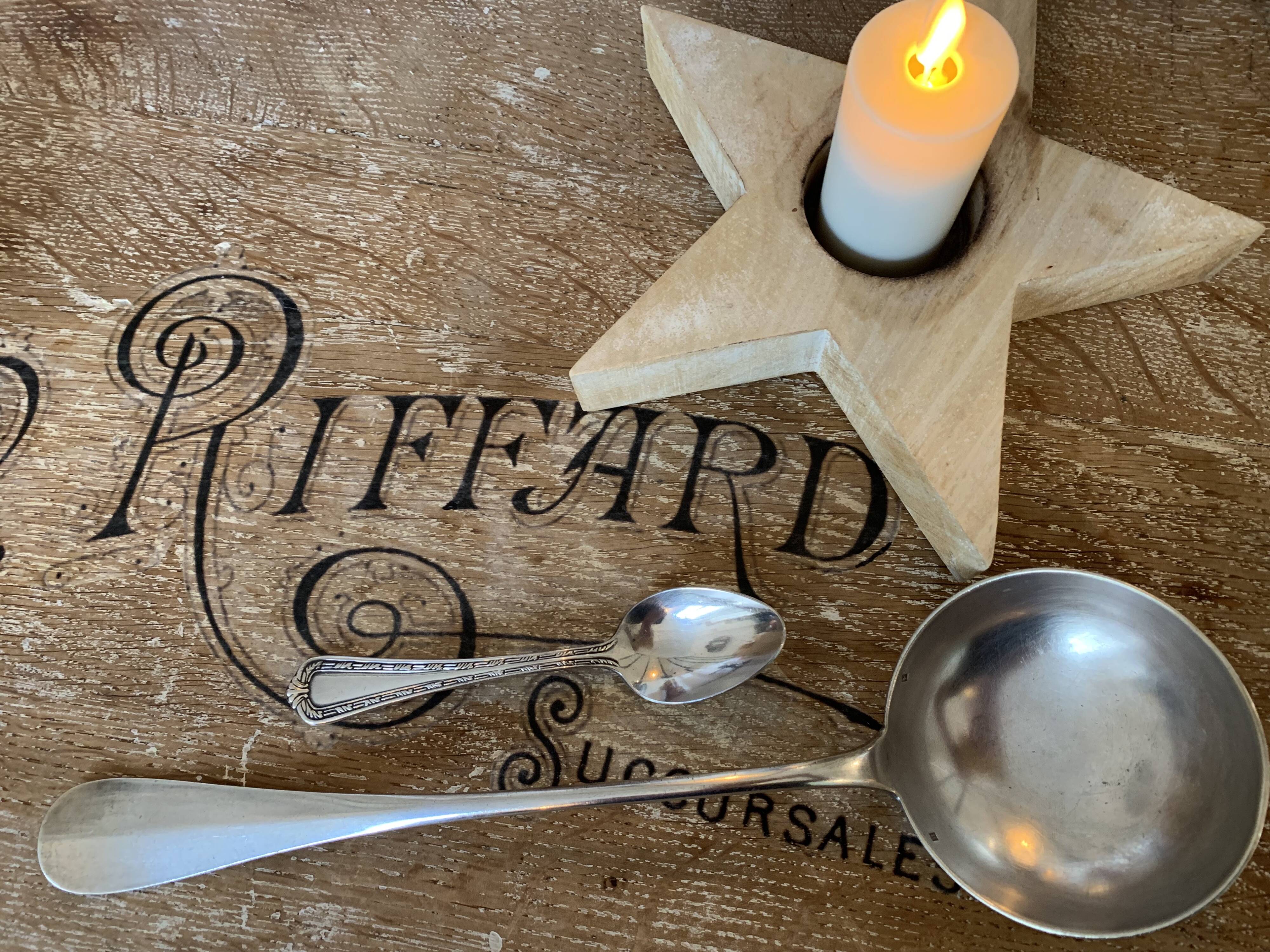 1 ladle and 1 spoon in silver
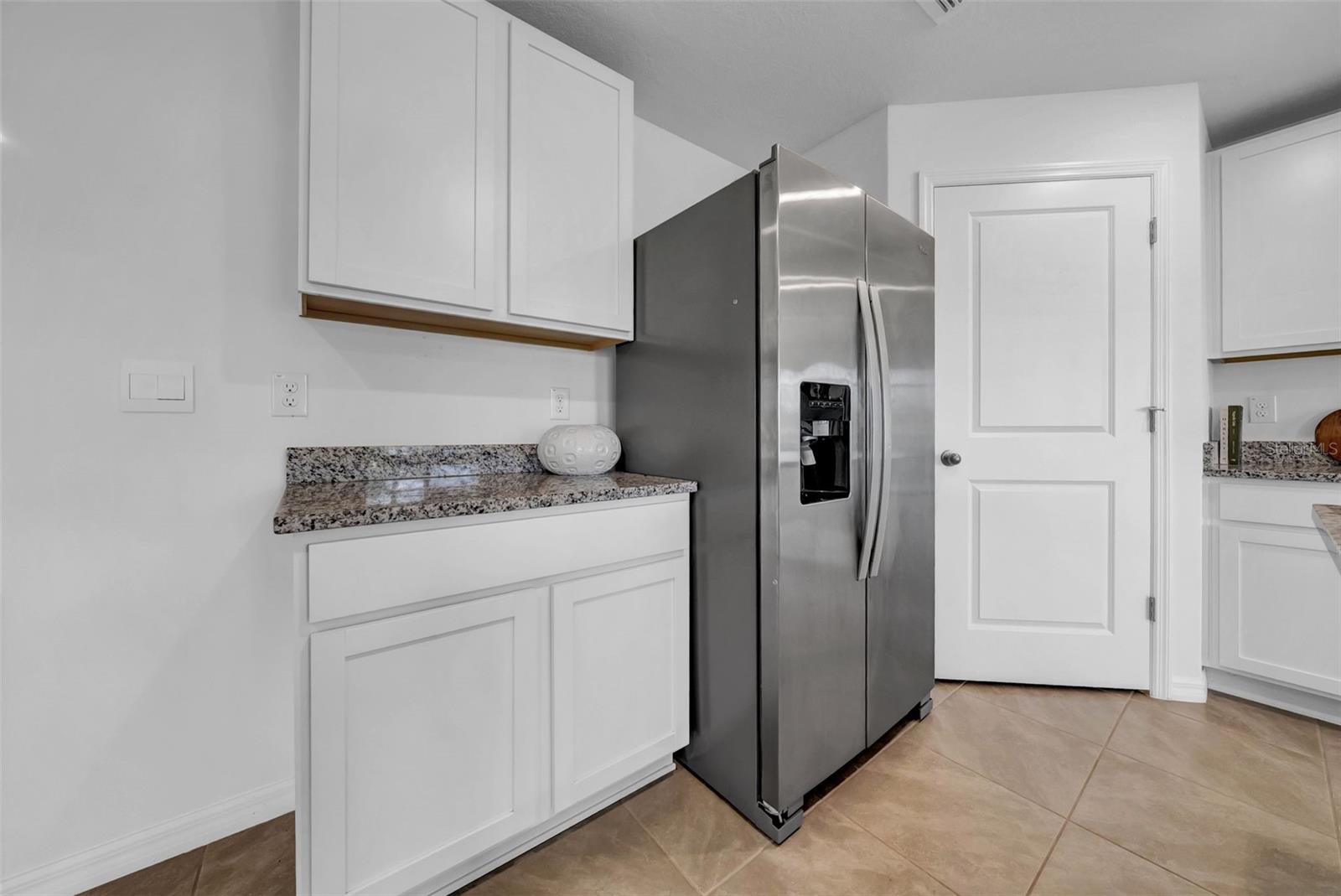 Listing photo id 7 for 13295 Mylion Way 1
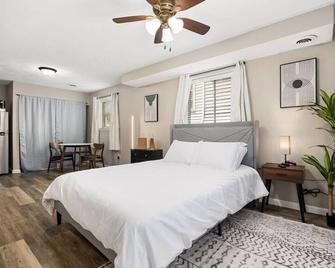 Stylish Studio Apartment with Modern Touches - Peoria - Bedroom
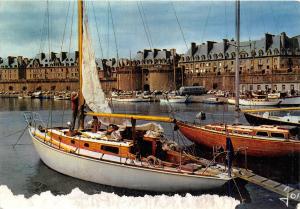 BR15854 Saint Malo Les yacht devant les remparts ship bateaux  france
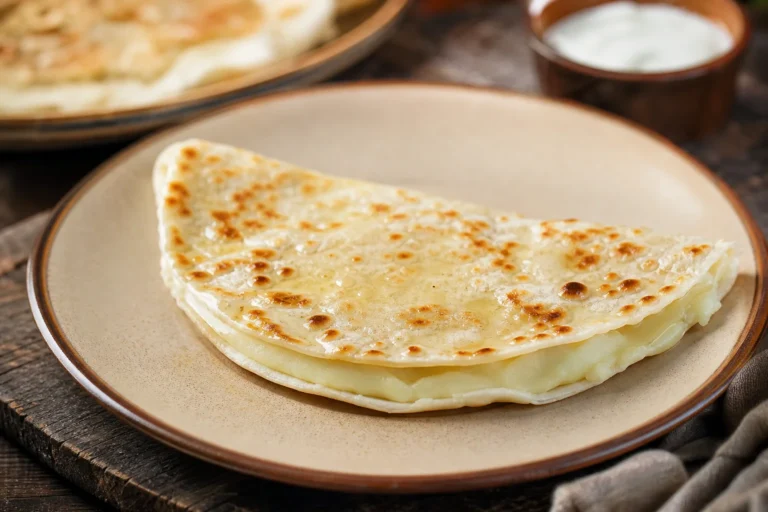 Kystybyi: How to Make Kazan’s Traditional Tatar Flatbread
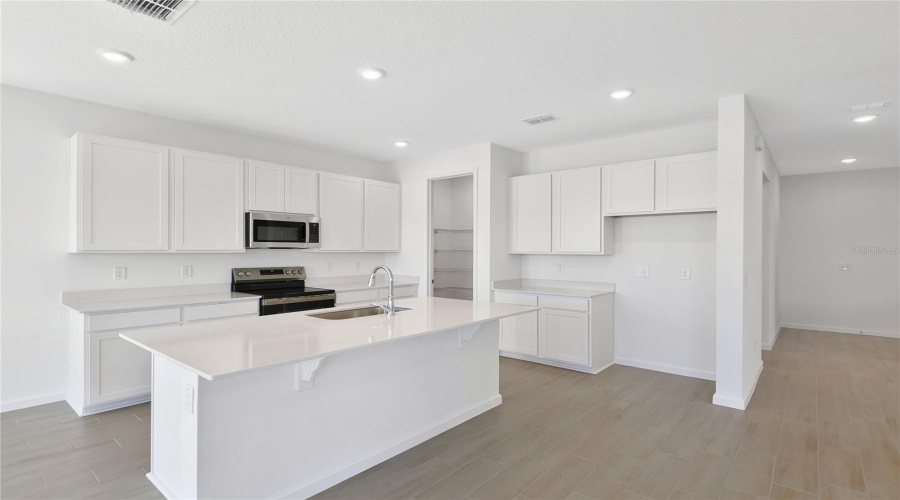 Ocala, Florida 34474, 4 Bedroom Bedrooms, ,2 Bathroombathrooms,Residential,For Sale,64Th,0,Mfrs5131085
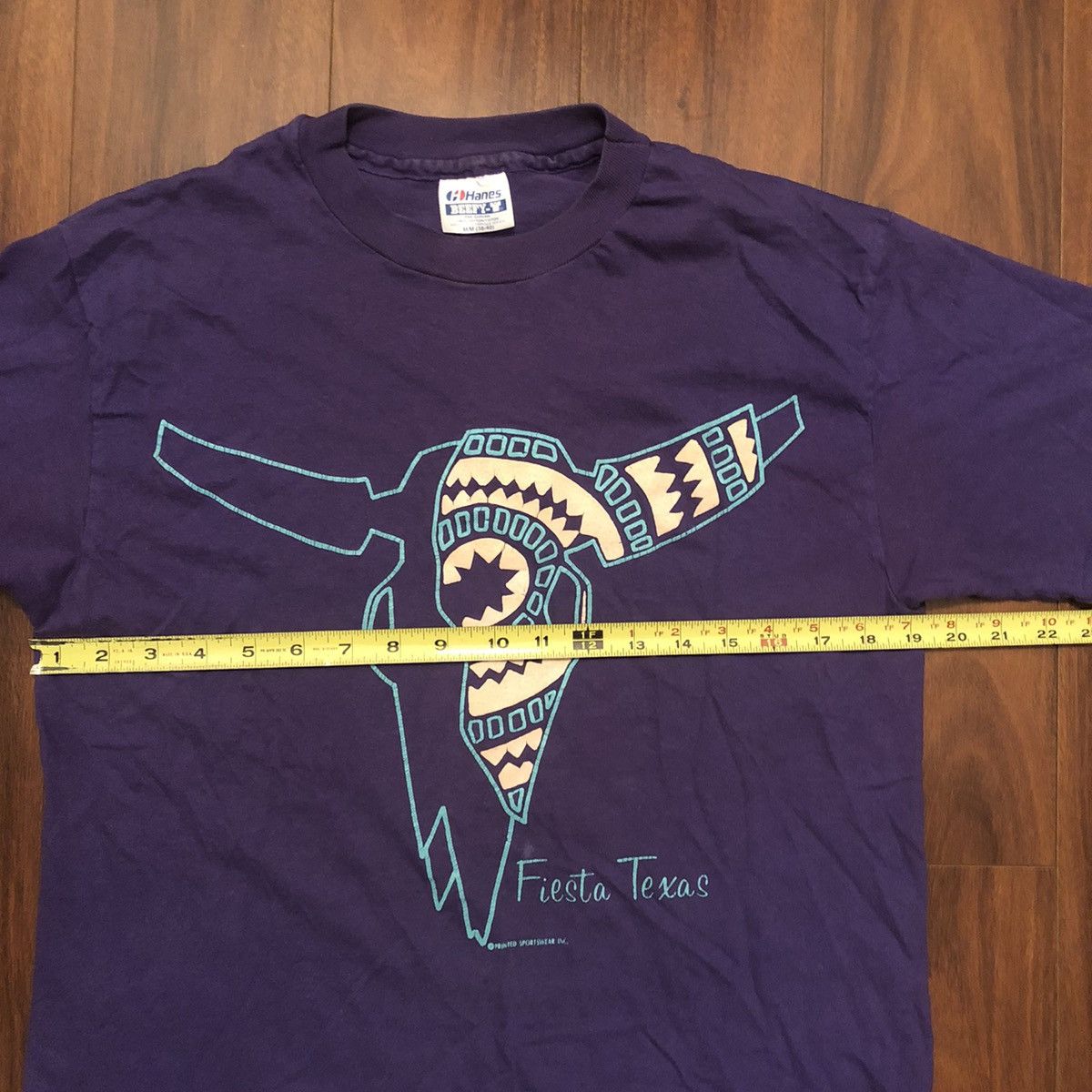 Hanes × Vintage Vintage 90s fiesta texas longhorn bull head graphic t shirt Size US M / EU 48-50 / 2 - 3 Thumbnail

○ ○ ○

◆ What you need to do
Do not include pictures. Copy only the lines running from the line with "Listing photo id 7 for 13295 Mylion Way 1" through the last line of the records, exactly as they appear.

◆ Expected answer
 Listing photo id 7 for 13295 Mylion Way 1
 Stylish Studio Apartment with Modern Touches - Peoria - Bedroom
 BR15854 Saint Malo Les yacht devant les remparts ship bateaux  france
 Kystybyi: How to Make Kazan’s Traditional Tatar Flatbread
 Ocala, Florida 34474, 4 Bedroom Bedrooms, ,2 Bathroombathrooms,Residential,For Sale,64Th,0,Mfrs5131085
 Hanes × Vintage Vintage 90s fiesta texas longhorn bull head graphic t shirt Size US M / EU 48-50 / 2 - 3 Thumbnail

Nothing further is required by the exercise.